About 31 million American kids have a parent who’s working outside standard office hours.
When you’re trying to balance the night shift or working weekends with raising kids it can seem like the rest of the world is set up for nine-to-fivers, but non-standard work schedules for parents are way more common than people think (this mama’s been working since four o’clock this morning). About 31 million American kids have a parent who’s working outside standard office hours.
According to the U.S. Census Bureau, 43% of kids have a mom or dad whose work schedule would be considered non-traditional. This group includes parents who aren’t part of the Monday-through-Friday crowd, work irregular or evening hours, or have more than one job.
Children who live with two parents are the most likely to have a mom or dad who is working outside the nine-to-five. A full 50% of kids in dual-parent families have at least one parent working weird hours, and the number goes up to 61% if both parents in the house are employed.
When we look at single parent families, the numbers dip a bit but are still really high. According to the Bureau, 49% of kids living with employed single dads have a father who works a non-standard schedule. The number is similar for kids of working single moms, at about 47%
The U.S. Census Bureau says it’s important to note that the data doesn’t address the circumstances that lead parents to work non-standard schedules, but previous research indicates that social and economic conditions, like educational attainment and advancements in technology play a role.
The impacts of non-standard schedules on kids vary. Super irregular work schedules that make it hard to have a routine (such as retail or restaurant shifts that see workers called in or sent home on short notice) are associated with negative outcomes for kids and make it really difficult for parents to arrange for child care.
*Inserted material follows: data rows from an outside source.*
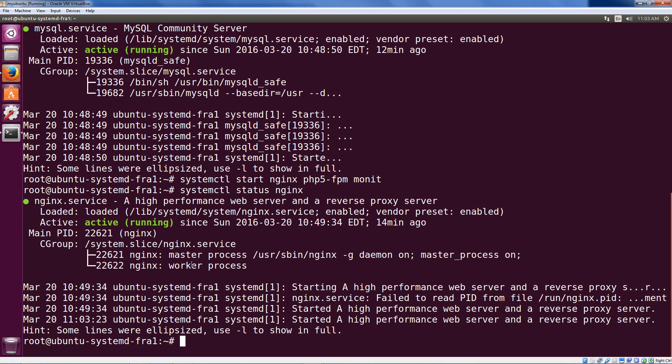Now, there's a difference between starting a service with the start argument and enabling a service, which is what you do to ensure that something is actually started at boot time. So, you've got start and stop, which starts or stops a service right now, and then you've got enable and disable, which enables something at boot or disables it at boot. That is, ensures that it's started at boot or ensures that it is not started at boot.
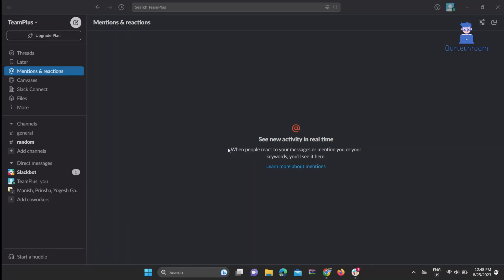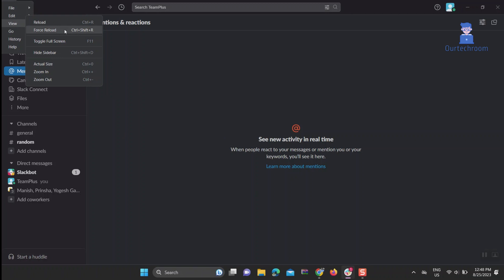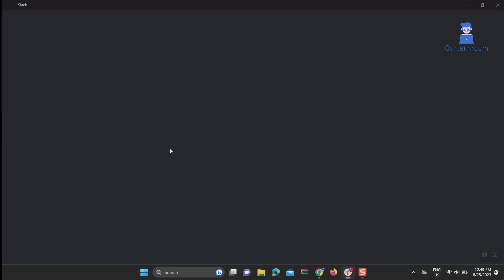Thirdly, let's hard reload the Slack app so that it will clear cache-related issues. Click on the three horizontal bars, then View, then Force Reload. This will reload the whole Slack app.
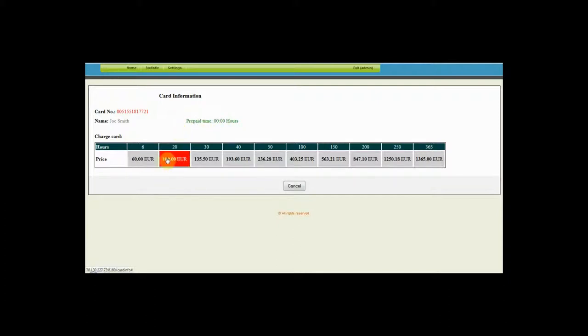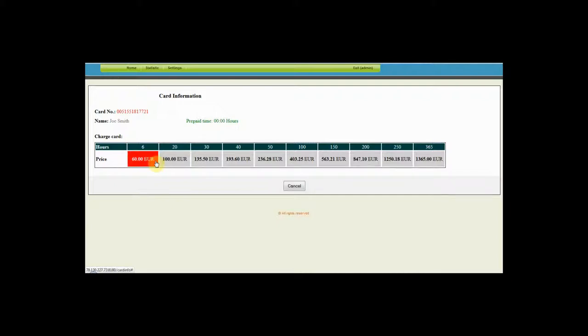If the client wants to charge the card just click on the desirable amount. Straight away the amount in the prepaid hours window will change.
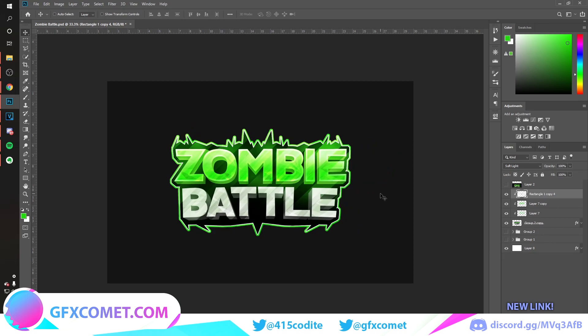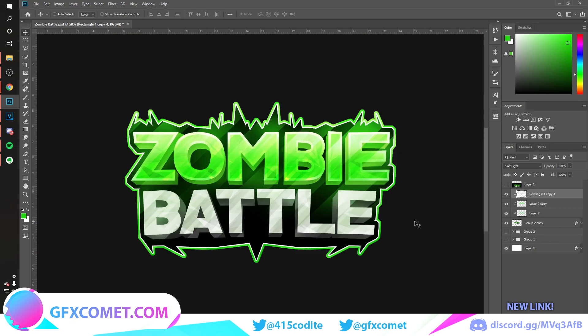That's basically it! Once again, make sure you comment tutorials you want to see — be as specific as you can and we'll try our best to deliver. I hope you enjoyed this video. Make sure you subscribe and hit the post notification bell so you get notified for every video as soon as it's posted. I'll see you all next time.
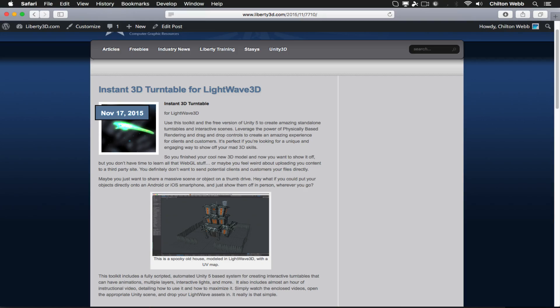Probably minutes, to be honest. To get your copy, just go to Liberty3D.com and look for the Instant 3D Turntable. Thank you.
On the other hand, research has shown that when moms work non-standard schedules while dad works a standard schedule, adolescent delinquency rates for kids are lowered. The researchers say this kind of ‘tag team’ approach to parenting can result in stronger family relationships.
Whether you’re a single mom working nights or the co-parent who works weekends while your partner does the nine-to-five, you’re far from alone in your routine. You may feel a bit lonely commuting to a night shift on dark, empty roads, but weird work hours can lead to full days with your kids, and that’s what any parent wants to see on their schedule.